▶ **INSTRUCTIONS FOR THE TASK**:
Among the entries below, find the line with "Otoño en el monte riojano" and the line with "nudibranch multicolour". Return exactly those lines and every line between them, but no pictures.

▶ **DATA TO EXAMINE**:
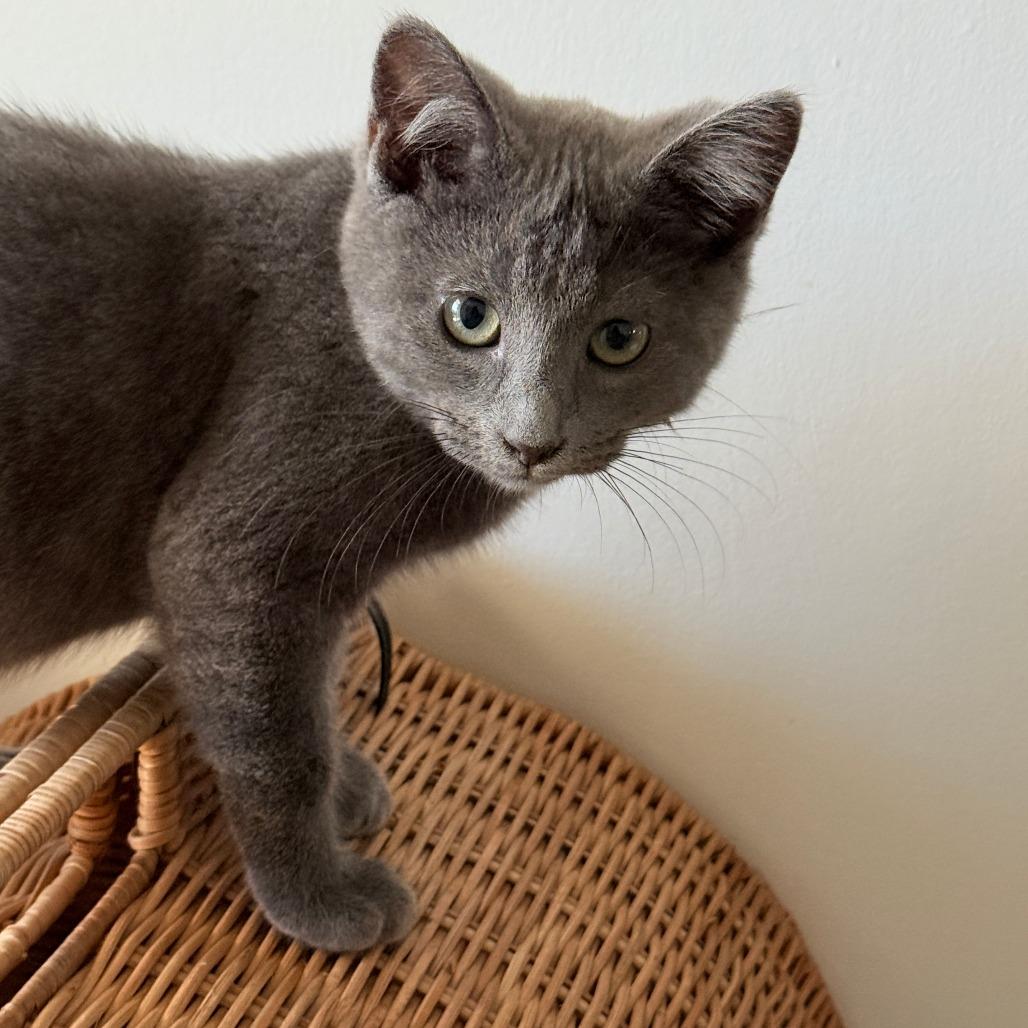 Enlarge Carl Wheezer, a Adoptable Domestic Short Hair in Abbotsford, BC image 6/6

--

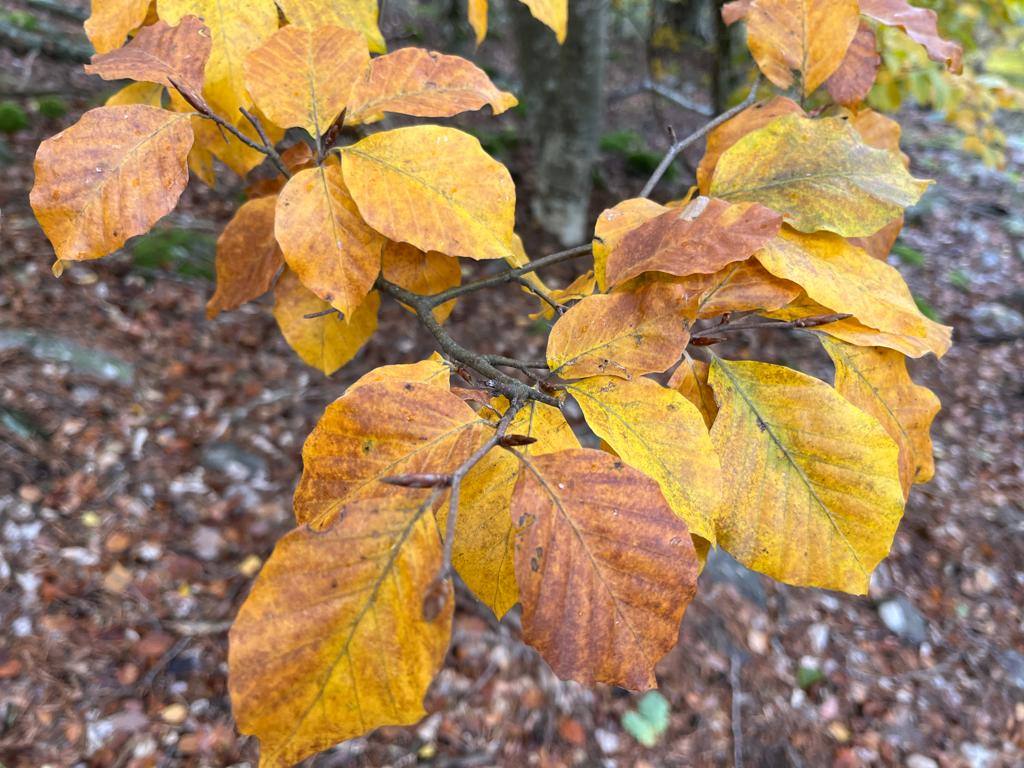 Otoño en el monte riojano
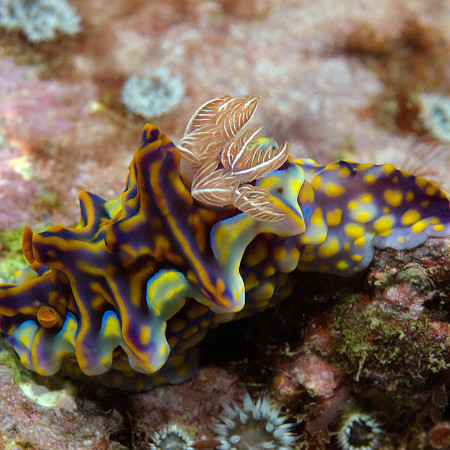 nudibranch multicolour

▶ **SOLUTION FOR THIS EXERCISE**:
 Otoño en el monte riojano
 nudibranch multicolour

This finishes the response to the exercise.